Nous l’avons précisé, il y a à la fois l’ensemble de ce qui est documenté qui forme un tout (pour Plateforme C il s’agit du site fablabo.net) et il y a ce qui est documenté. Généralement ce qui est documenté ce sont :
– des projets
– des façons d’utiliser/réparer une machine
– et éventuellement des façons d’animer un lieu, un atelier…

Chacun de ces types de documentation intègre de la propriété littéraire et artistique et/ou de la propriété industrielle (objet de l’article suivant).

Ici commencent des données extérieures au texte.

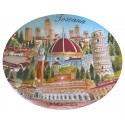  Piatto in ceramica multiveduta Toscana TS3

À tout seigneur, tout honneur, commençons par le plus général et aussi le plus facile. La majorité des fablabs se sont dotés d’un espace de documentation. Il s’agit en général d’un wiki qui, aux yeux du droit, constitue une base de données.

La définition juridique d’une base de donnée est la suivante : « On entend par base de données un recueil d’œuvres, de données ou d’autres éléments indépendants, disposés de manière systématique ou méthodique, et individuellement accessibles par des moyens électroniques ou par tout autre moyen. »

Or, il faut savoir que les bases de données font l’objet d’un droit de propriété intellectuelle. En effet :

« Le producteur d’une base de données, entendu comme la personne qui prend l’initiative et le risque des investissements correspondants, bénéficie d’une protection du contenu de la base lorsque la constitution, la vérification ou la présentation de celui-ci atteste d’un investissement financier, matériel ou humain substantiel. »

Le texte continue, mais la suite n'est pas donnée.